# what colour is Measles?



## KawaiiCharlie (Nov 17, 2010)

this is measles, a cob from a riding school i used to work at.
I was just curious, What colour is he? because i have no idea lol
this is the only picture i have of him.


----------



## wyominggrandma (Nov 4, 2009)

Maybe a roan. Not sure about that but I LOVE the name. How cute


----------



## KawaiiCharlie (Nov 17, 2010)

i got told Blue Roan, but hes not really that blue colour so im not sure. plus he has the spots around his mouth & eyes..
& yeah i love his name too lol suits him. hes a sweetie


----------



## Jacksmama (Jan 27, 2010)

To my knowledge a roan is supposed to have a dark head and legs and you can clearly see light coloring on his face, if he's a roan there is also something else working on his coloring there. Very cute!


----------



## NdAppy (Apr 8, 2009)

Looks like he is carrying LP (appaloosa coloring), or grey. Hard to tell with just the one picture.


----------



## Alwaysbehind (Jul 10, 2009)

NdAppy said:


> Looks like he is carrying LP (appaloosa coloring),


That was my thought from the one photo too.


----------



## ShutUpJoe (Nov 10, 2009)

He looks like a varnish grey to me. Possibly with a snowflake pattern? As he's got larger white spots.


----------



## KawaiiCharlie (Nov 17, 2010)

oh okay. thank you  i'll go take a few more pictures of him at the riding school this week, thats if hes still there. havent been there for a few months & she likes to sell & buy horses alot lol


----------



## lilkitty90 (Nov 11, 2009)

yup i say Varnish roan, especially if he is on the younger side of things. with either a snowflake pattern or MAYBE fewspot but i'm not so sure on that one. gorgeous boy either way!


----------



## KawaiiCharlie (Nov 17, 2010)

i dont think hes all that young, i think hes about 8 im not too sure i'll have to ask her. so you definitely think he has appy in him? he came from a dealer so we have no idea lol


----------



## NdAppy (Apr 8, 2009)

Well I wouldn't jump right to appy as there is more then one breed that carries the appy coloring. 

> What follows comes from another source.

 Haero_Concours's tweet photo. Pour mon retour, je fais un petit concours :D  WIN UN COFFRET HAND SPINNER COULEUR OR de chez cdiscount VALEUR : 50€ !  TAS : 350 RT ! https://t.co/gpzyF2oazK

But yes he does look to be varnish (LP) roan.


----------



## Eastowest (Mar 26, 2009)

I agree on LP roaning (also called varnish-- associated with appaloosa coloring.) I see LP characteristic mottled skin and white sclera around the eyeball.

_>>>>MAYBE fewspot_

A fewspot is not a minimally spotted DARK horse, but a white horse with only a few spots. More specifically, it is a horse with a leopard pattern, but 2 copies of the LP gene, which causes the leopard spots to be few and far between, due to the doubling up of LP's "be white" command. Here is a baby fewspot--


----------



## trailhorserider (Oct 13, 2009)

Wow, that's one of the cutest foals I have seen in a LONG time! I want him! :lol:


----------



## Alwaysbehind (Jul 10, 2009)

East, is that one of yours?


----------



## Eastowest (Mar 26, 2009)

No-- I have bred/raised several fewspots in the past, but don't have leopards in my herd currently, so I don't have any photos of fewspots online at the moment. 

That foal was bred by a ranch in South Dakota-- Nice program with alot of loud color, and she takes striking photos-- here is the link to their site-- CT Ranch Appaloosas


----------



## Alwaysbehind (Jul 10, 2009)

Thank you for the link. I know someone who has one of their horses. (Didn't realize it until I saw it on their site.)


----------



## wildhorsesgone (Jan 13, 2011)

*I'm seeing spots.*

What an amusing name and so appropriate! I once tried to research all the horse color combinations and memorize them. There were so many it made my head spin! Then I read a book that said there are actually only two horse colors! I’d say Measles is grey with white spots and my grandkids would probably agree.

I’m sure that the people at the US Bureau of Land Management Wild Horse and Burro Division will know the actual color, you could try sending them a couple of photos. Here’s the link: *https://www.blm.gov/adoptahorse/index.php*


----------



## NdAppy (Apr 8, 2009)

wildhorsesgone said:


> What an amusing name and so appropriate! I once tried to research all the horse color combinations and memorize them. There were so many it made my head spin! *Then I read a book that said there are actually only two horse colors!* I’d say Measles is grey with white spots and my grandkids would probably agree.
> 
> I’m sure that the people at the US Bureau of Land Management Wild Horse and Burro Division will know the actual color, you could try sending them a couple of photos. Here’s the link: *https://www.blm.gov/adoptahorse/index.php*


On the bold - That is totally correct! Black and red are the only two colors. Everything else is a modification of one of those two.


----------



## KawaiiCharlie (Nov 17, 2010)

oh thank you!  i'll have to get a few more pictures of him that show his whole body. might help a little more lol


----------